Makala

de Emmanuel Gras (Fr, 1h36) avec Kabwita Kasongo, Lydie Kasongo…


Kabwita bâtit sa maison. Afin d'acheter les tôles destinées à recouvrir le toit, il entreprend de fabriquer du charbon qu'il ira vendre sur le marché de Kowelzi. Alors s'engage un très long processus : coupe du bois, calcination, acheminement “à dos d'homme” et cycle de lourds sacs…

Dûment récompensé par le Prix de la Critique sur la Croisette, ce film oscille — sans avoir vocation à trancher, d'ailleurs — entre documentaire et fiction ; flirte parfois avec le suspense pour s'achever par une envolée mystique.
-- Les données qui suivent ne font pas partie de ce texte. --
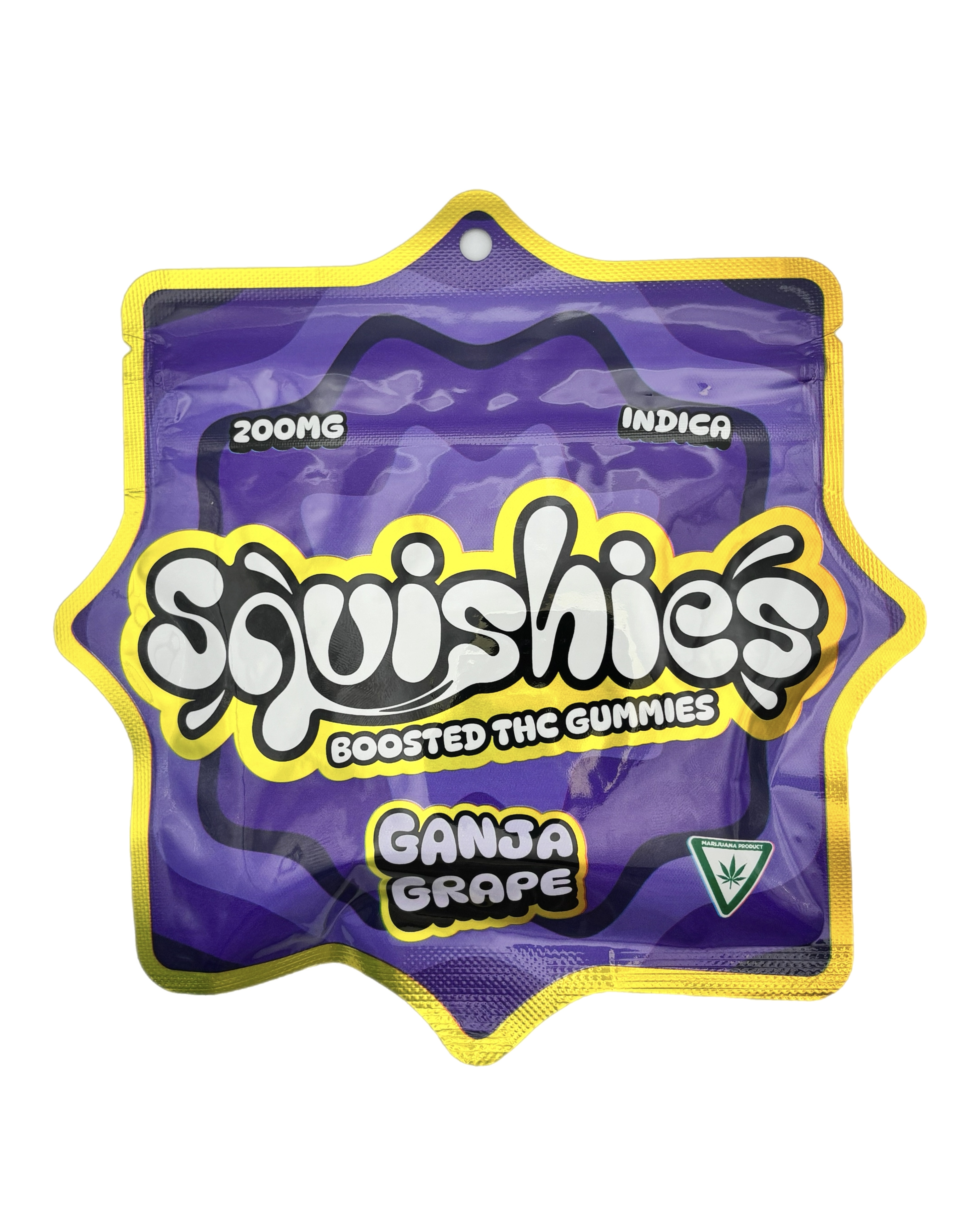 SQUISHIES | GANJA GRAPE | INDICA GUMMIES | 200MG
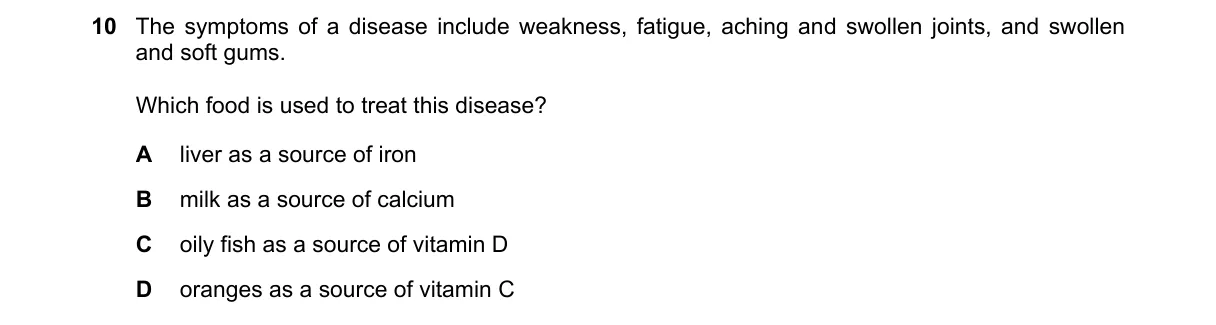 Question 10 from 5090/12/O/N/20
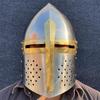 Templar Crusader Helmet Authentic Helmet 12th Century Medieval Great Helmet Cosplay, Prop, Display, Replica, LARP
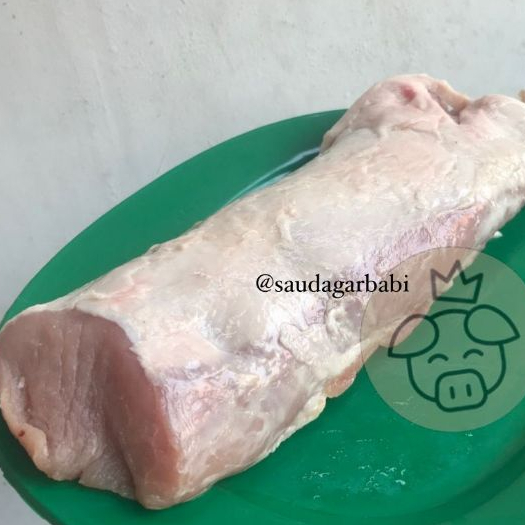 

DAGING BABI KARBONAT 1 KG FRESH / HAS LUAR BABI 1 KG / PORK LOIN PREMIUM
Captivant par sa pure élégance formelle, avec ses plans enveloppants (voire caressants), Makala est un film quasi marxiste, dans la mesure où il matérialise toutes les étapes de la production d'un — très exigu — capital, conquis par un forçat de la terre. Emmanuel Gras saisit du labeur l'abrutissante mécanique hypnotique, l'ingratitude de la rétribution, comme il montre l'aisance des intermédiaires ou le racket ordinaire opéré par les forces de l'ordre.

D'aucuns pourraient se gausser devant la croisade dérisoire de Kabwita, arguant qu'il ne se passe pas grand chose. Bien au contraire : on assiste ici à un récit épique ; celui d'un Sisyphe contemporain déplaçant des montagnes. La musique de Gaspar Claus ne manque pas de manifester toute sa gravité respectueuse pour ce héros si discret.